- [TASK STATEMENT] Among the entries below, which lines run from the line with "9211B780-A786-46A4-9035-C022F37304ED Roses and" through the line with "Pink Acrylic Faux Fur Knit Shrug Vest Top"? Retype those, both ends included, exactly and without pictures.

::: AVAILABLE RECORDS :::

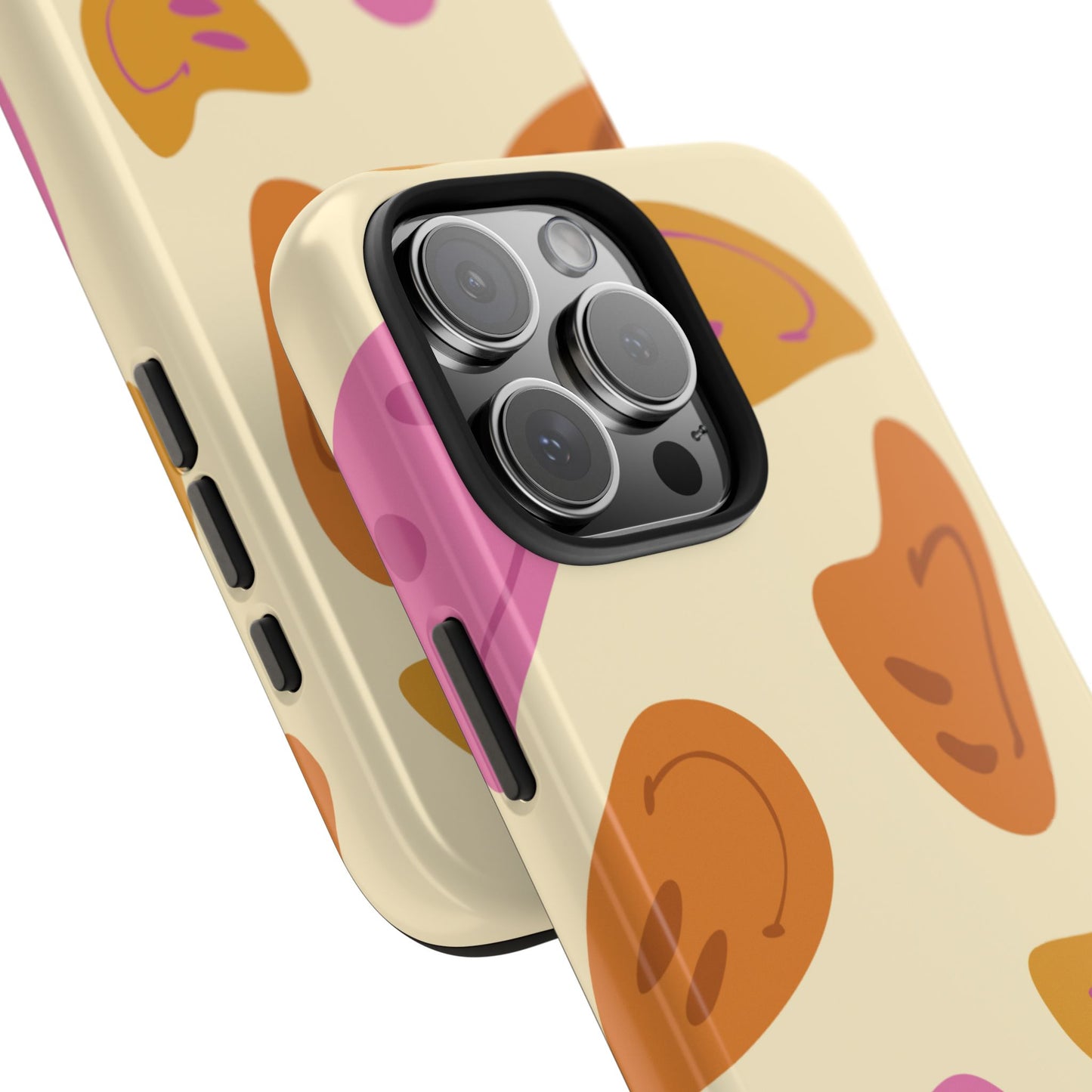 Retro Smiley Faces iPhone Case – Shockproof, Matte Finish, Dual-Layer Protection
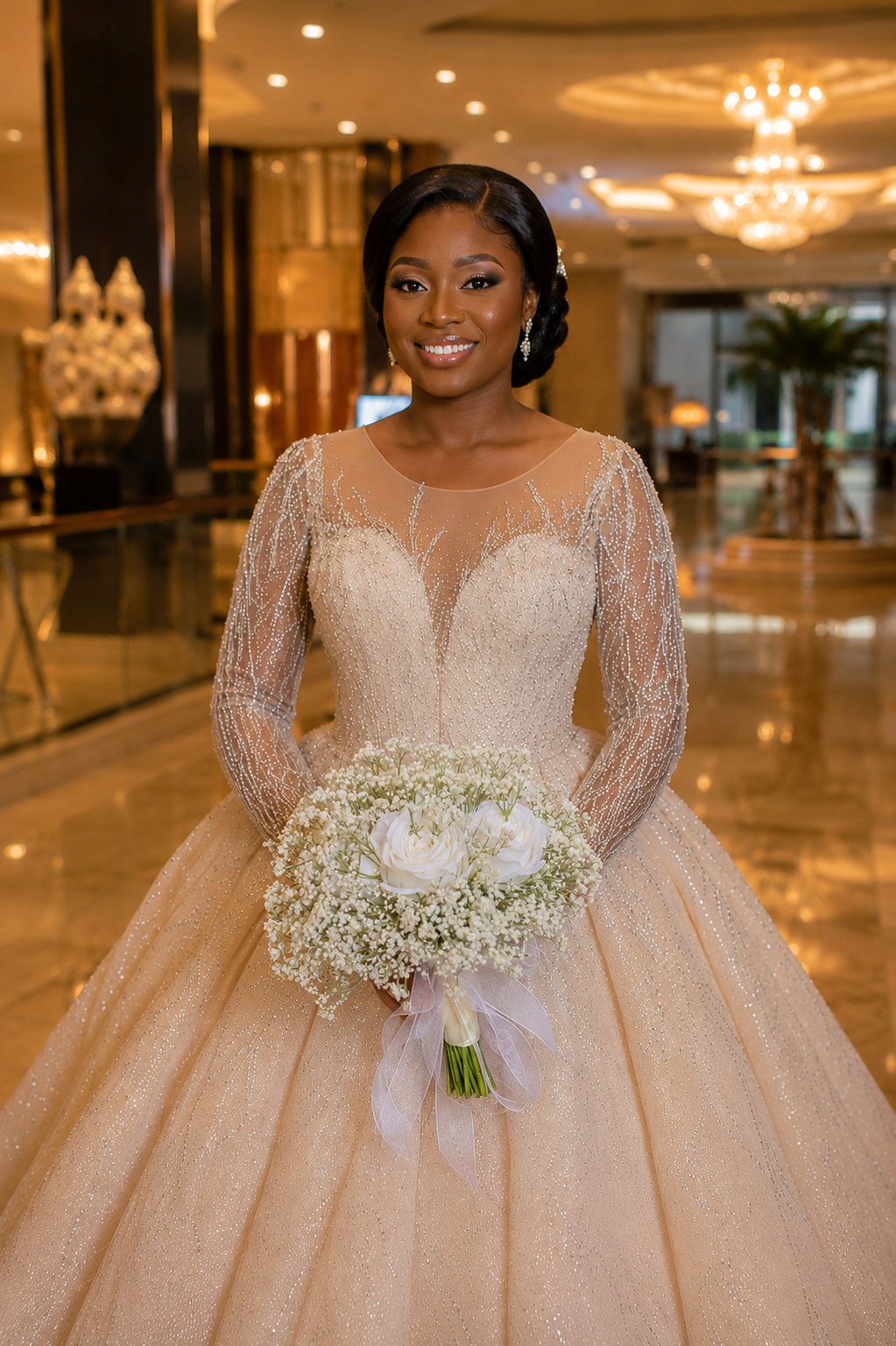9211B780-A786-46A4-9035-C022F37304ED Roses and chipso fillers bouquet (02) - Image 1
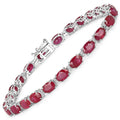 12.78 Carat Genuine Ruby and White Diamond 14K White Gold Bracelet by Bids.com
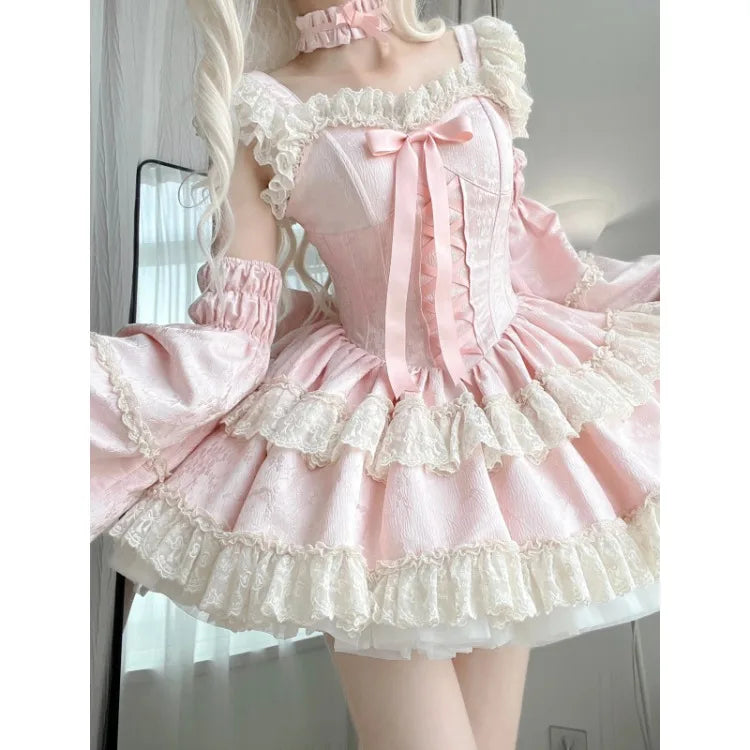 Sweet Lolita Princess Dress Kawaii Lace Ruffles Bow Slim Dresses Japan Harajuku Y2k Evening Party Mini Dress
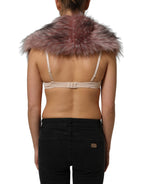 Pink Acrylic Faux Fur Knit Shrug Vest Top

:::
::: AVAILABLE RECORDS :::

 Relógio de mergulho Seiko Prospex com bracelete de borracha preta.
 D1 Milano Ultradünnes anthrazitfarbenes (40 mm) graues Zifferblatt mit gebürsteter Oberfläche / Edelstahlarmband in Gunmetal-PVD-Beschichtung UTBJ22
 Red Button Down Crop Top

:::

- [EXERCISE ANSWER]
9211B780-A786-46A4-9035-C022F37304ED Roses and chipso fillers bouquet (02) - Image 1
 12.78 Carat Genuine Ruby and White Diamond 14K White Gold Bracelet by Bids.com
 Sweet Lolita Princess Dress Kawaii Lace Ruffles Bow Slim Dresses Japan Harajuku Y2k Evening Party Mini Dress
 Pink Acrylic Faux Fur Knit Shrug Vest Top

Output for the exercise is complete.